Only the lines from the top of the records below through the line containing "Подвесная люстра Bohemia" should be printed, exactly and without pictures.

Data section section start

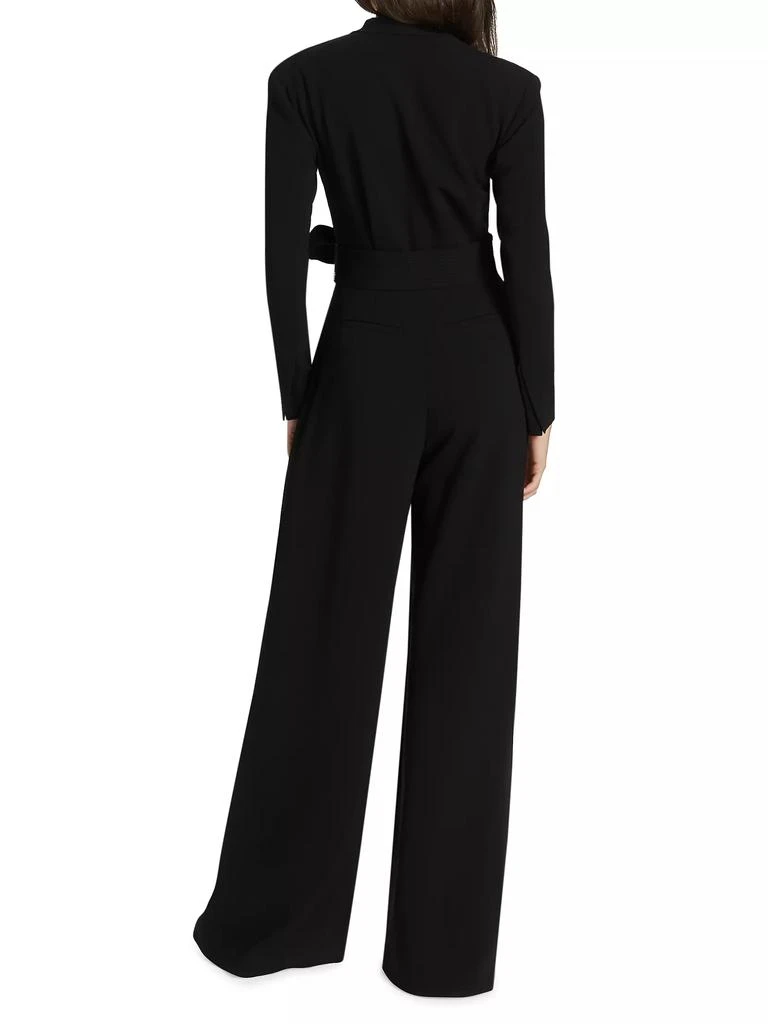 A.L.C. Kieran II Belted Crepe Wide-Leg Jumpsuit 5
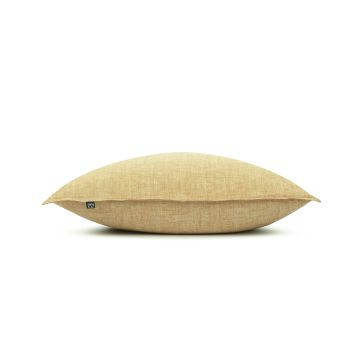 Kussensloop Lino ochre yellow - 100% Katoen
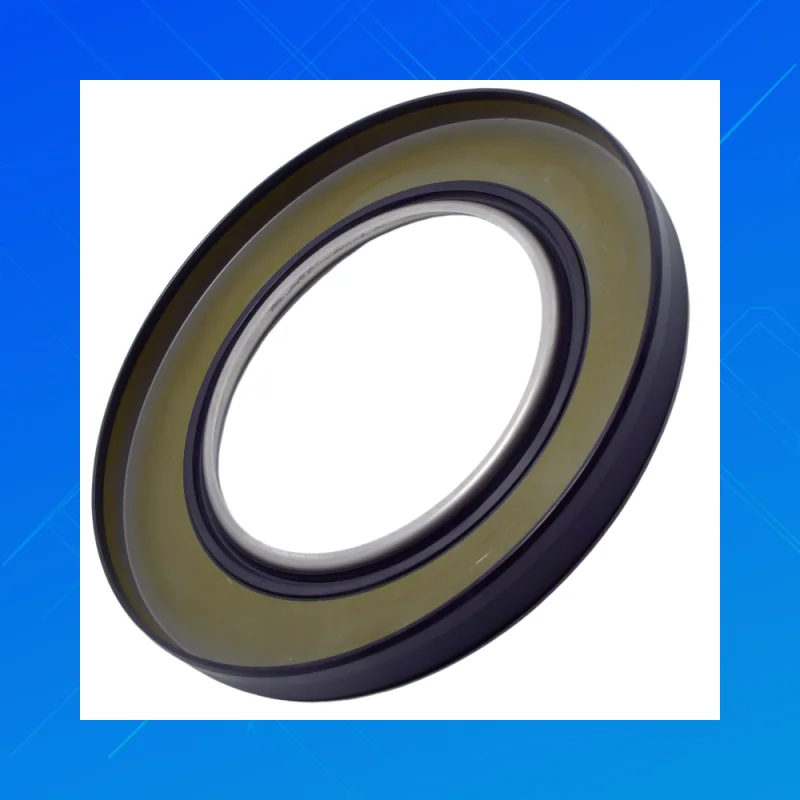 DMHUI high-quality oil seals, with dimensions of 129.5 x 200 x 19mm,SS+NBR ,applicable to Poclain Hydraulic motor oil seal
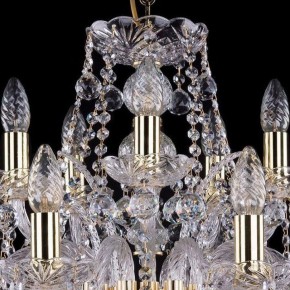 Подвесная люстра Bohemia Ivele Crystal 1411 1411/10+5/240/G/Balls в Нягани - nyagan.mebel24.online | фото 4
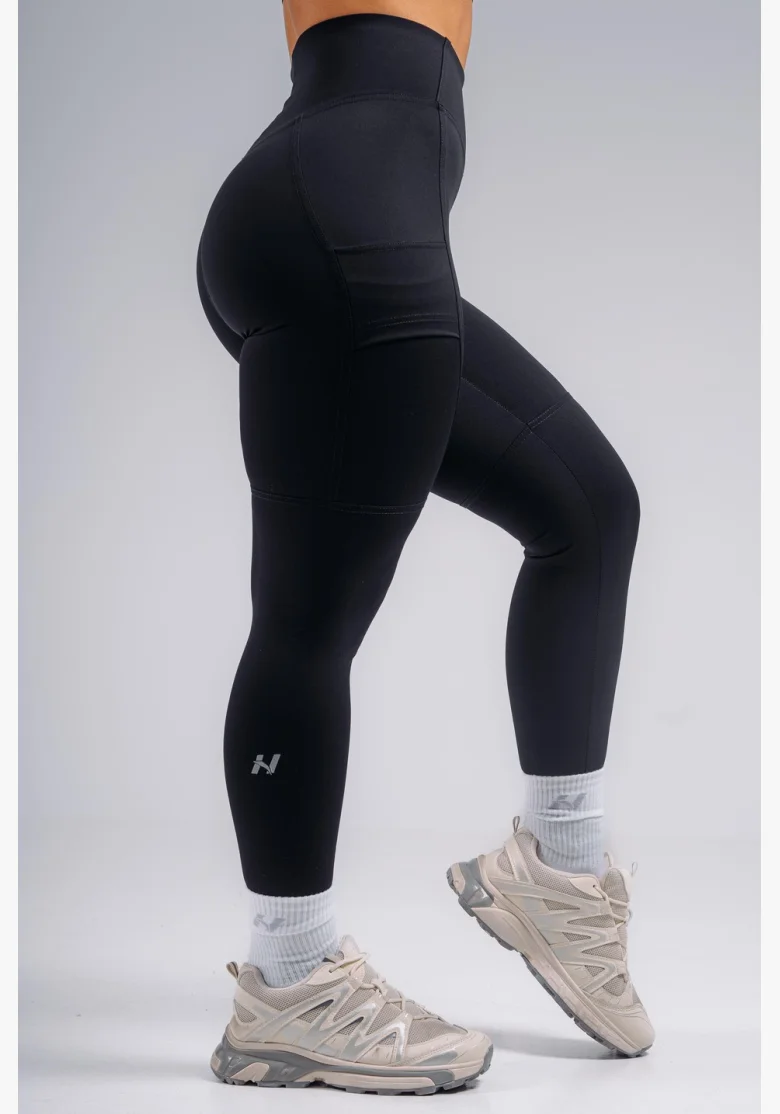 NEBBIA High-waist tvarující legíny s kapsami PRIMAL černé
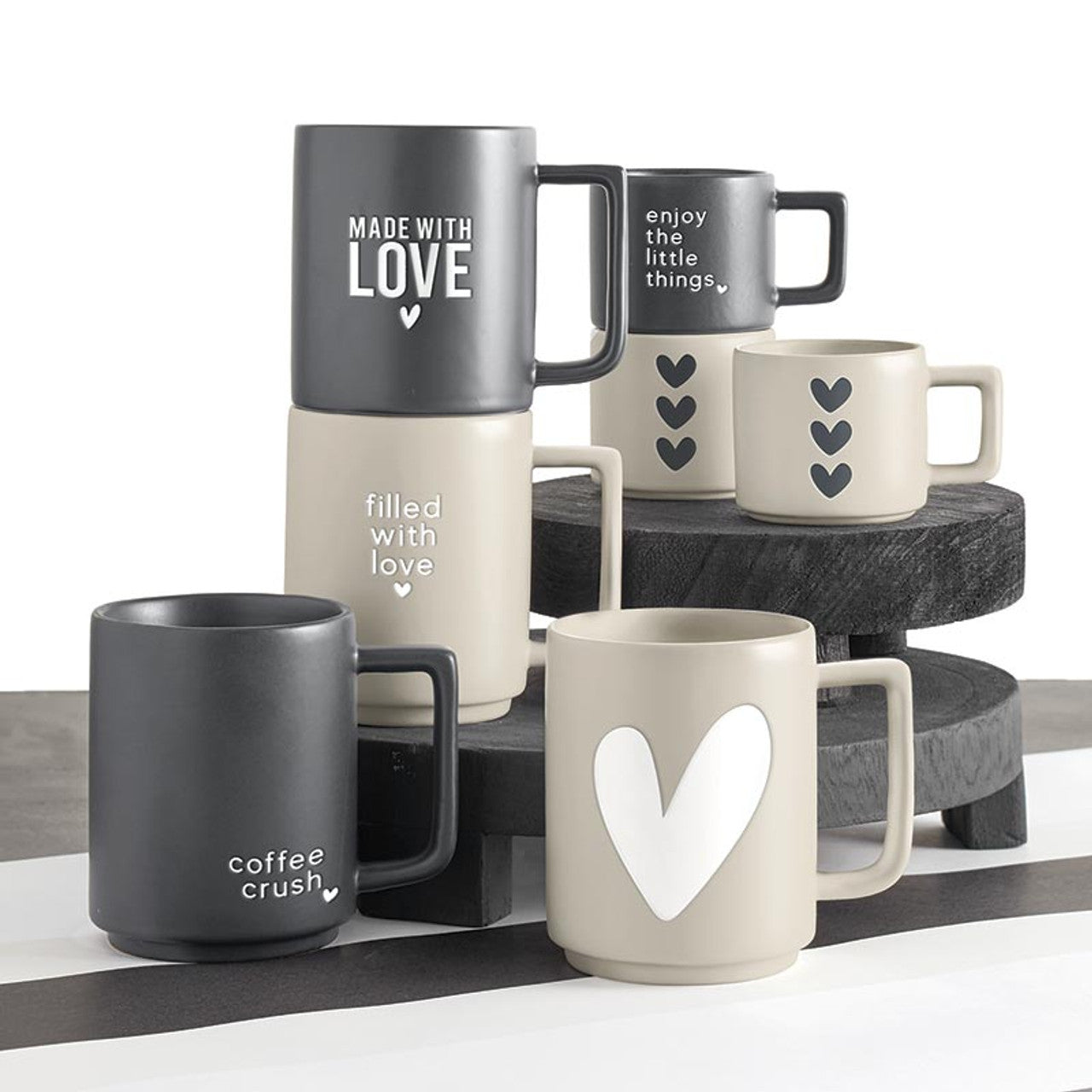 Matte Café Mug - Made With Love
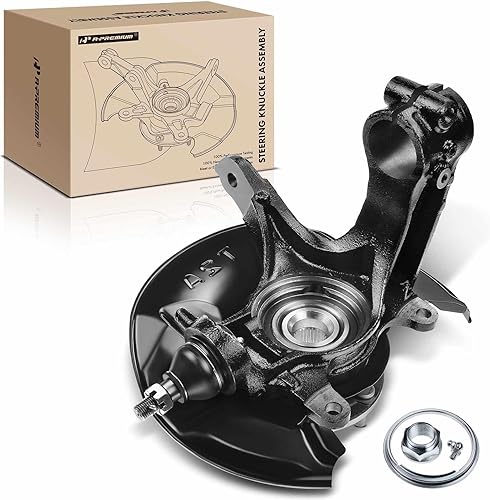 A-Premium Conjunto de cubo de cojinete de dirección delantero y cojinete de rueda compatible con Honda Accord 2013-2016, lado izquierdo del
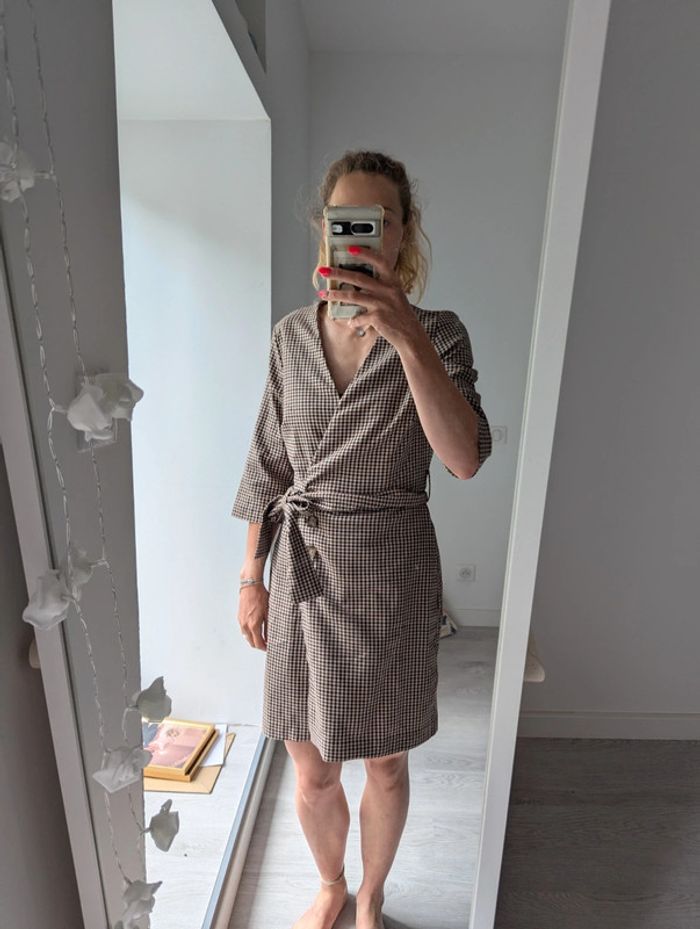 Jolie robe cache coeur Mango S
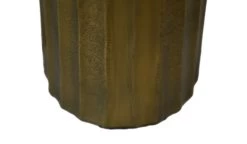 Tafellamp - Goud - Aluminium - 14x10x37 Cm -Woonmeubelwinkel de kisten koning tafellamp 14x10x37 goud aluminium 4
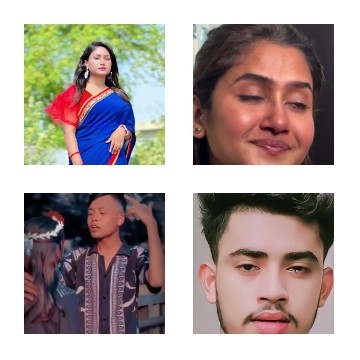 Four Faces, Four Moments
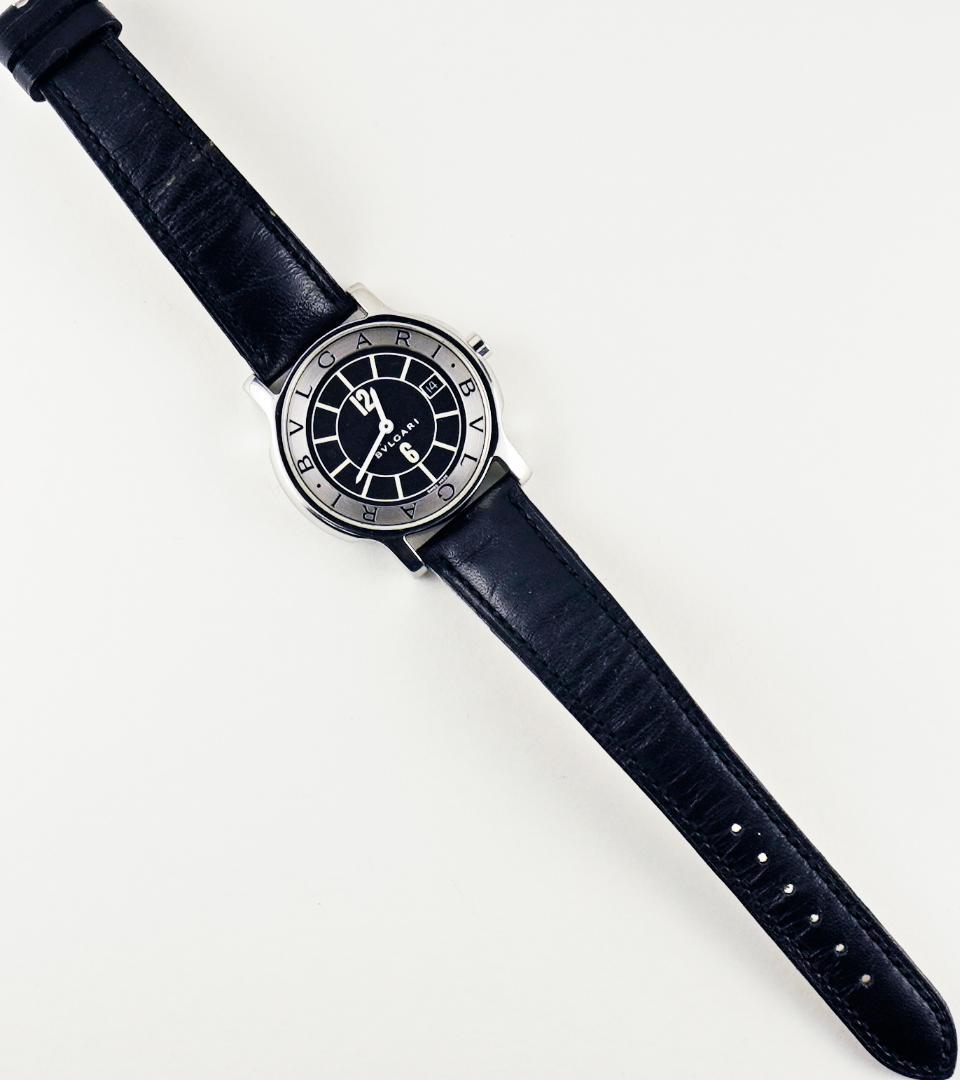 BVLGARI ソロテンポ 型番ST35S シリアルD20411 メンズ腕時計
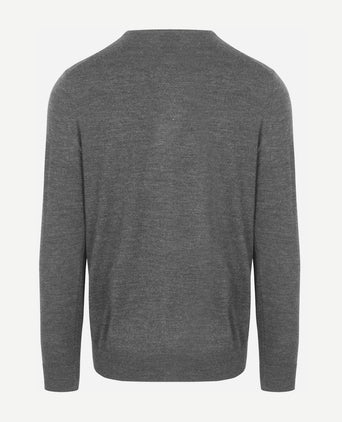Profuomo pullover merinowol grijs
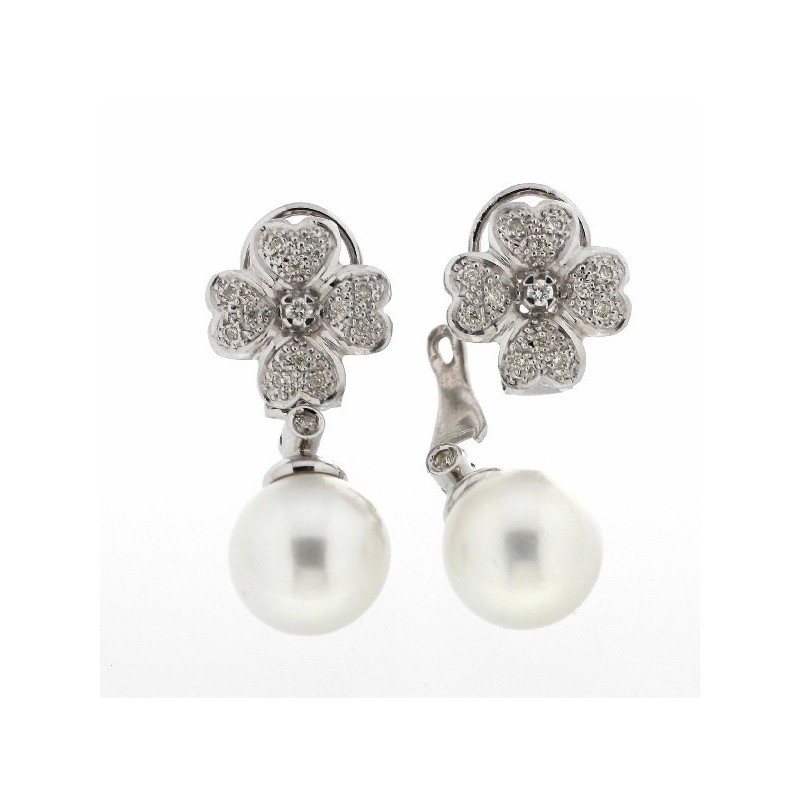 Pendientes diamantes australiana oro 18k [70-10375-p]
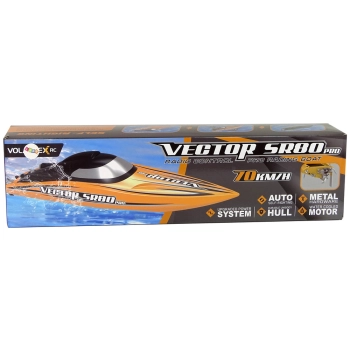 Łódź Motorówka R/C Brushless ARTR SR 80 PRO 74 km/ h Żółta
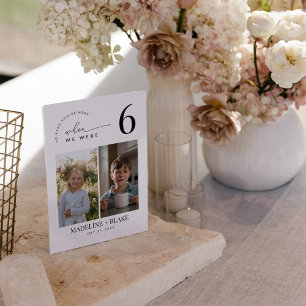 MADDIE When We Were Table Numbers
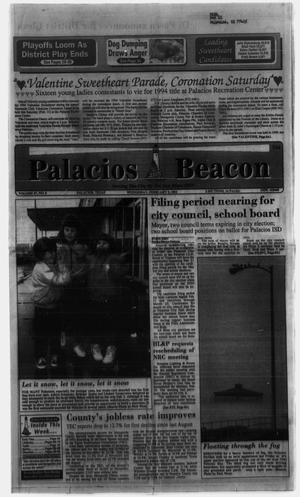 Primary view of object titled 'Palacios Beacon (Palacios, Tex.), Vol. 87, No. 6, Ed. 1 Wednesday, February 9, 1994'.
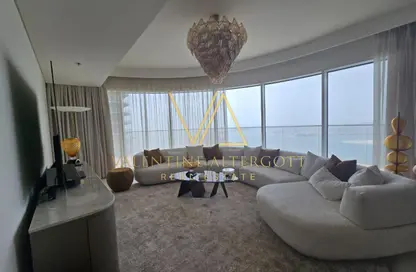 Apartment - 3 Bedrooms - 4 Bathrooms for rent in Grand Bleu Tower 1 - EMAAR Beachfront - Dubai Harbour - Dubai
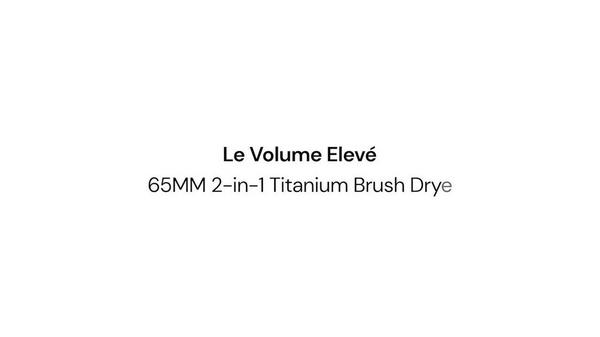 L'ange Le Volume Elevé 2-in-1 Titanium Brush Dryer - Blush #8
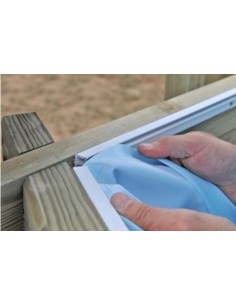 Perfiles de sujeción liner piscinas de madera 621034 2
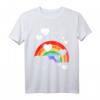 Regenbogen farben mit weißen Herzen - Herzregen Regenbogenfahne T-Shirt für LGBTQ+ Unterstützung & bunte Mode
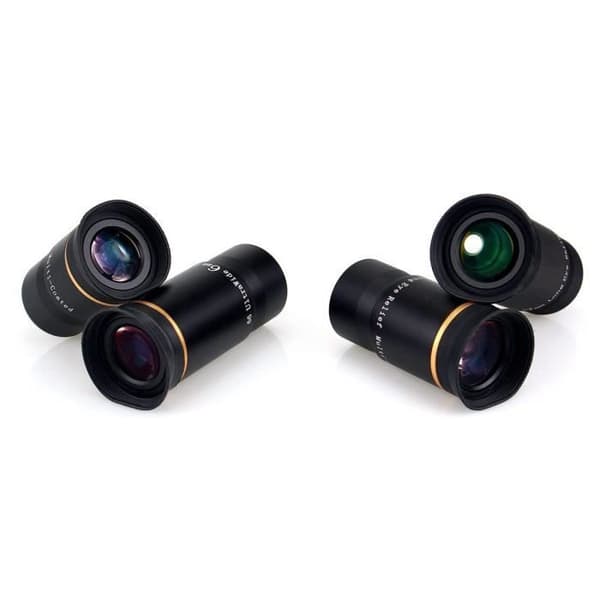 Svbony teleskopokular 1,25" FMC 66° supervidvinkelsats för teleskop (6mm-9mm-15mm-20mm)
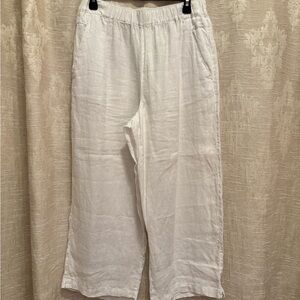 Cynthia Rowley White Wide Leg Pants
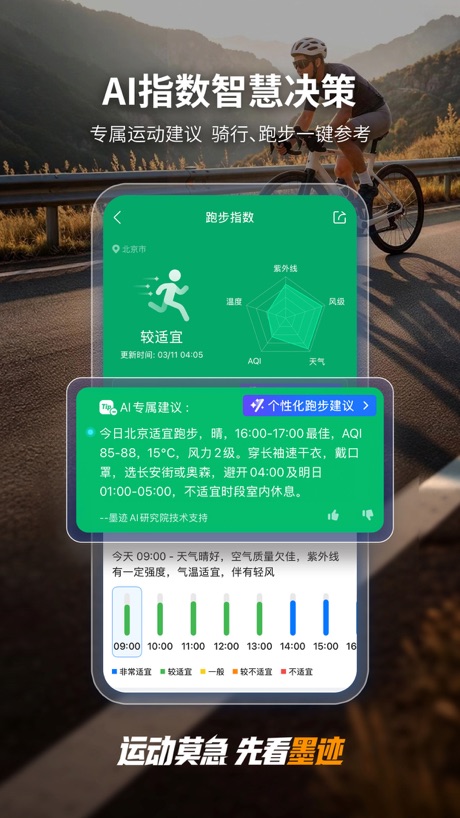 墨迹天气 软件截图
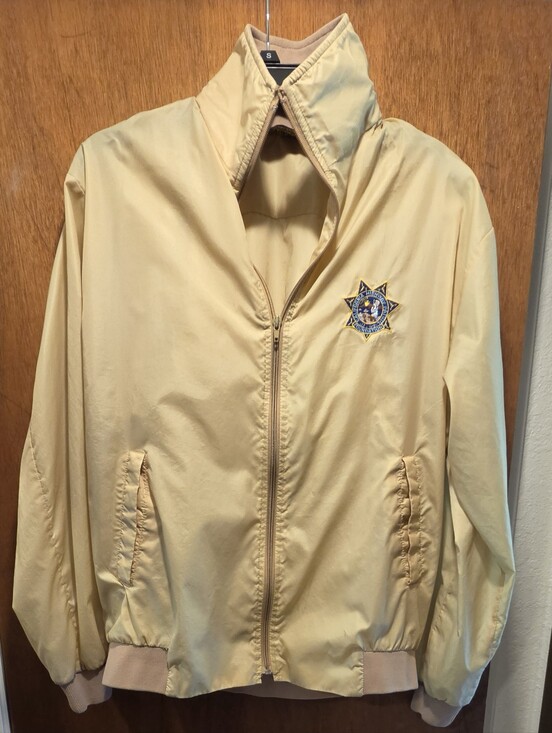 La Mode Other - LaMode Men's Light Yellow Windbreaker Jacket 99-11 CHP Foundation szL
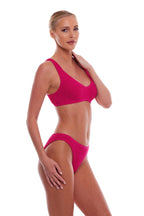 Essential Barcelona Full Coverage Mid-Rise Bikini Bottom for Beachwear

Data section section end

• Response
 A.L.C. Kieran II Belted Crepe Wide-Leg Jumpsuit 5
 Kussensloop Lino ochre yellow - 100% Katoen
 DMHUI high-quality oil seals, with dimensions of 129.5 x 200 x 19mm,SS+NBR ,applicable to Poclain Hydraulic motor oil seal
 Подвесная люстра Bohemia Ivele Crystal 1411 1411/10+5/240/G/Balls в Нягани - nyagan.mebel24.online | фото 4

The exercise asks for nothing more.